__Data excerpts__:
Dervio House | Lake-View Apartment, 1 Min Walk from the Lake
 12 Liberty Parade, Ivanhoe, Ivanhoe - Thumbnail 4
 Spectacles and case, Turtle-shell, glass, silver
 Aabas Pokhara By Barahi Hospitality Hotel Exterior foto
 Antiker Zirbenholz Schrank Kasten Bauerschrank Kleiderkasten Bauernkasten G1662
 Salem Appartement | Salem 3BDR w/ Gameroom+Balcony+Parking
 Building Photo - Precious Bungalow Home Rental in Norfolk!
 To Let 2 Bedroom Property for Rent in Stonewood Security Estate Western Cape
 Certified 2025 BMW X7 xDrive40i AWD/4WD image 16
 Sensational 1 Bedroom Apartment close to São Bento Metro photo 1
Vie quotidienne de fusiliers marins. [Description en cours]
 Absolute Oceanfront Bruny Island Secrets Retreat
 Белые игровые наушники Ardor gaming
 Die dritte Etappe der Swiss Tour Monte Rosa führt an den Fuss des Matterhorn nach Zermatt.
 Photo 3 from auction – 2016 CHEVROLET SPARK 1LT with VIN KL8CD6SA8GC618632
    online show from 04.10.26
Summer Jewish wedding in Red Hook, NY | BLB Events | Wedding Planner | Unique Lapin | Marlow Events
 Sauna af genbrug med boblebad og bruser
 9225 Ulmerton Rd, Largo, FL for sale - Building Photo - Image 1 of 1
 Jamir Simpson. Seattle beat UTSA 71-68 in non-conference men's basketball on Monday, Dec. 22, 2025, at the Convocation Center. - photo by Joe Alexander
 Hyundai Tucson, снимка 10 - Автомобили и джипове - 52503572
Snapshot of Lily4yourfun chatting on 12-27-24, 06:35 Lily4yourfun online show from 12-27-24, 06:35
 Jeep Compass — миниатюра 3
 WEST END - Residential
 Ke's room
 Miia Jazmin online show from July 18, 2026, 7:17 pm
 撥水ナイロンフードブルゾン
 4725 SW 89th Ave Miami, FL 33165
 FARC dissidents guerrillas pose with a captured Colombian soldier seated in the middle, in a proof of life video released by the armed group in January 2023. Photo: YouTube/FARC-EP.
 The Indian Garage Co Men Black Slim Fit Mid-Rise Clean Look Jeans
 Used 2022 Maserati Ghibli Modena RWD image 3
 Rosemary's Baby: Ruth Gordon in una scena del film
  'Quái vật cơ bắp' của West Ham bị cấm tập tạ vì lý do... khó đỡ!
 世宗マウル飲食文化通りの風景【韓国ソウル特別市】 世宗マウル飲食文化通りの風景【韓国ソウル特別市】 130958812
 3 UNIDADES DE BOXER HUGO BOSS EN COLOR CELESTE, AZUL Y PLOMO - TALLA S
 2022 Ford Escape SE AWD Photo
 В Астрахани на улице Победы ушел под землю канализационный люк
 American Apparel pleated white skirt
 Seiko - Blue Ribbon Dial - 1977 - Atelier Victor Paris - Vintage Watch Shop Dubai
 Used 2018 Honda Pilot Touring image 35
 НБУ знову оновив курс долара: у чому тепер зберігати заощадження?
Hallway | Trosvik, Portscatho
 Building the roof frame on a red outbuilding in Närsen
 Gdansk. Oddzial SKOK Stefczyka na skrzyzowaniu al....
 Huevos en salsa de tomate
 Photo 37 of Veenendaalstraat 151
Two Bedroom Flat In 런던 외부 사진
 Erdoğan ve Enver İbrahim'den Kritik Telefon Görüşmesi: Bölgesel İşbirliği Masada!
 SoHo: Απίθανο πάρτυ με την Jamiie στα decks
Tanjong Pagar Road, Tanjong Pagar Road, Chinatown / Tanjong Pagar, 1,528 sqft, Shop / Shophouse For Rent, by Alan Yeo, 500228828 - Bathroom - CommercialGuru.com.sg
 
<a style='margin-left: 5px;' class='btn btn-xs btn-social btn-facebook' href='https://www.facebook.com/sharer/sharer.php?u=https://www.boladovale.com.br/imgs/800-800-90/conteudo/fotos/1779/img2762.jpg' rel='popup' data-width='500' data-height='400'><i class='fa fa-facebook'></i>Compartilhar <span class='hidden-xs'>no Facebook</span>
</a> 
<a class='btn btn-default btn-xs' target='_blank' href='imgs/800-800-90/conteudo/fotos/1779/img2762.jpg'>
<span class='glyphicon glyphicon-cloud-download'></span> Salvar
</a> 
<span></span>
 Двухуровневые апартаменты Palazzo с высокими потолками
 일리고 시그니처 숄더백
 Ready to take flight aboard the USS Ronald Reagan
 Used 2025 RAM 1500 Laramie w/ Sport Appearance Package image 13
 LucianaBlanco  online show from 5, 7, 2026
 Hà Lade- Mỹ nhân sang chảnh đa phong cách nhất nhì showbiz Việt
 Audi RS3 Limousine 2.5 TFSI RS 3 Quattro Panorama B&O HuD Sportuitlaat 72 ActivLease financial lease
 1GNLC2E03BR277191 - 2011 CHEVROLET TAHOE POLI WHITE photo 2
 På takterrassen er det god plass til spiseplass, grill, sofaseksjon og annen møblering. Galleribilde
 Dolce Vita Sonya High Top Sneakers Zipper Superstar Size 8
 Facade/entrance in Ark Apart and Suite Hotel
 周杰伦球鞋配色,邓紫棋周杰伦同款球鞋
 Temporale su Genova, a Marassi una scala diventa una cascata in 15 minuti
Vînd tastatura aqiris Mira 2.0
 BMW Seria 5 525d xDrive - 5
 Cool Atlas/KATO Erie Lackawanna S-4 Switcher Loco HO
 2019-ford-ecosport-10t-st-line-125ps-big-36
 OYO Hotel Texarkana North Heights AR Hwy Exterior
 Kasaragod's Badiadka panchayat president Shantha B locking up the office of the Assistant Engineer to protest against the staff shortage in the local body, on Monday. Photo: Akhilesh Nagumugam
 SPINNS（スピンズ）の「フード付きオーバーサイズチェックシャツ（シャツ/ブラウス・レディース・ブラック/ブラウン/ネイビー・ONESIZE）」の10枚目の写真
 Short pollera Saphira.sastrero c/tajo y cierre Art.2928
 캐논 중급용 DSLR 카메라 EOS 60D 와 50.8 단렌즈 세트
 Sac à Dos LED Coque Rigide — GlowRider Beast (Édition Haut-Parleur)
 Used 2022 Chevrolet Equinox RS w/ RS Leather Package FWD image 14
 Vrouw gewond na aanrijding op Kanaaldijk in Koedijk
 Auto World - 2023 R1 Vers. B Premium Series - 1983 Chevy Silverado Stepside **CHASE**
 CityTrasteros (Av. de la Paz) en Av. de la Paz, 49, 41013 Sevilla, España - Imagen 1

__About this exercise__: Find "Used 2022 Chevrolet" in the records above. Repeat its line and every later line exactly, through the last one.

__Solution for this task__:
 Used 2022 Chevrolet Equinox RS w/ RS Leather Package FWD image 14
 Vrouw gewond na aanrijding op Kanaaldijk in Koedijk
 Auto World - 2023 R1 Vers. B Premium Series - 1983 Chevy Silverado Stepside **CHASE**
 CityTrasteros (Av. de la Paz) en Av. de la Paz, 49, 41013 Sevilla, España - Imagen 1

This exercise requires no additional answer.